1978年初夏,憑祥火車站的站牌在熱浪中輕輕晃動,負責接站的邊防干部記得很清楚,那天是6月3日。悶雷般的列車聲里,一批又一批解放軍列車抵達,廣州軍區第55軍大部隊在這里完成集結,兵力數字最終停在六萬上下。對岸,只有一條公路之隔的諒山方向,越軍第3師第12團卻正把迫擊炮架上山頭,黑色炮口直指友誼關。

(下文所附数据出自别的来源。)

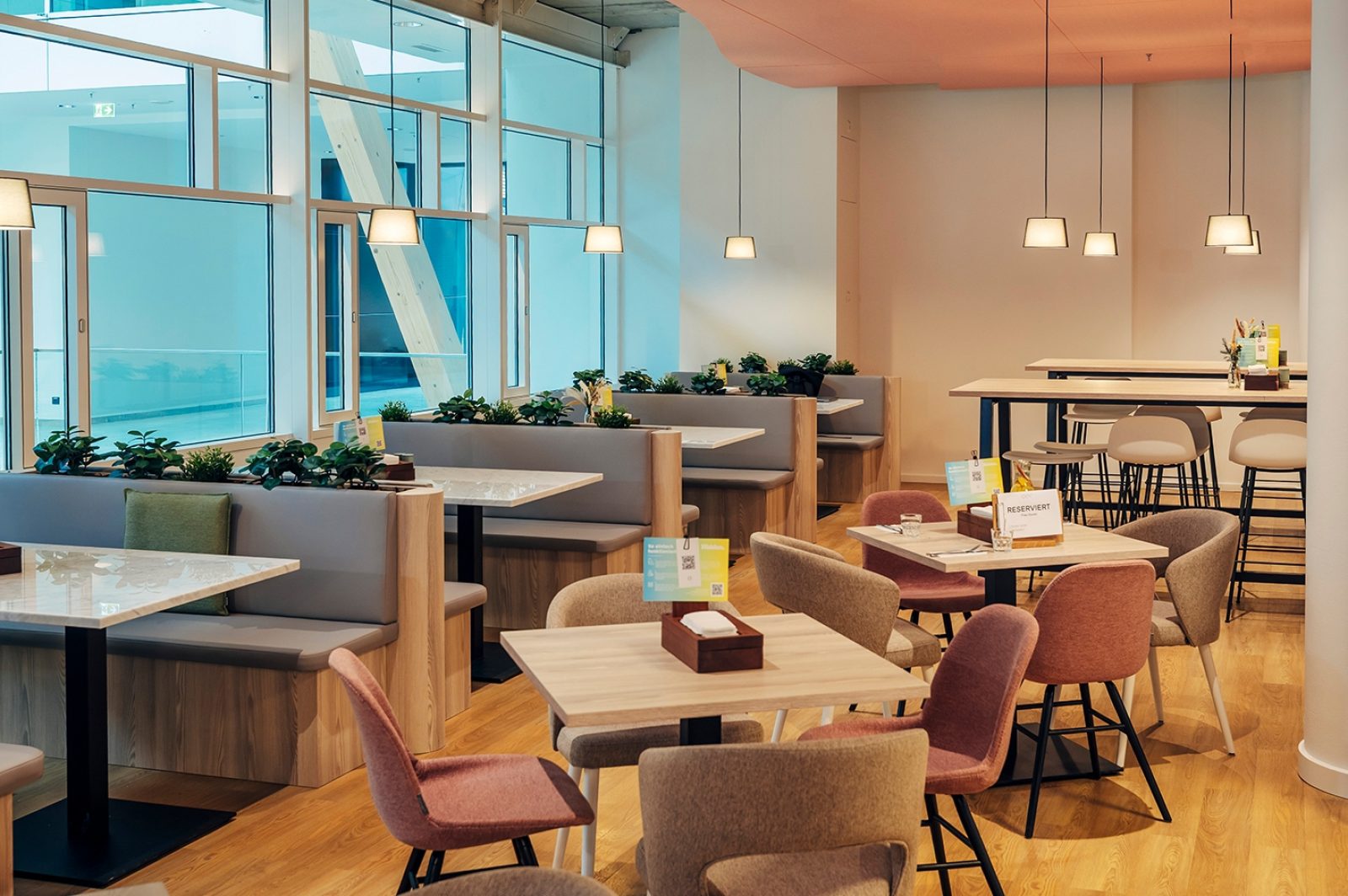 AER 1440x958 0000 Ebene 8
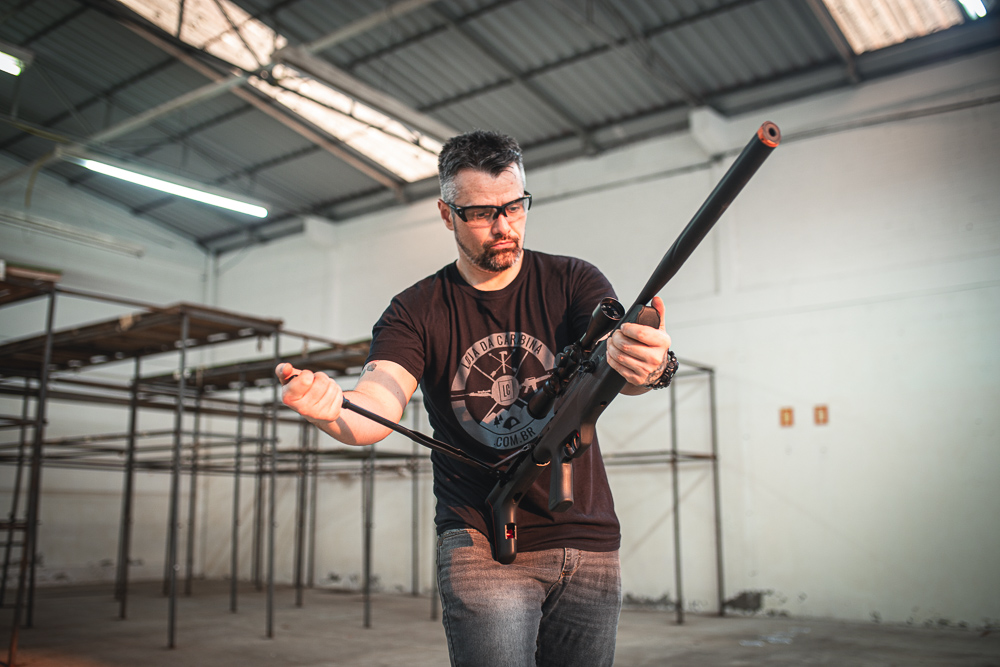 Carabina SL900S Artemis COm sistema de engatilhamento lateral, batizado de dark lever Imagem mostrando como é feito o engatilhamento lateral da carabina SL900S Artemis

很多老兵后來回憶:當時最鬧騰的不是火炮,而是越軍揚言“打到友誼關吃早飯,打到南寧過春節”的廣播喇叭。一個5000人的團在電臺里叫板六個師,怎么看都像一場嘩眾取寵的表演,但同登鎮的地形與火力配置決定了,這絕非一場輕松的對攻。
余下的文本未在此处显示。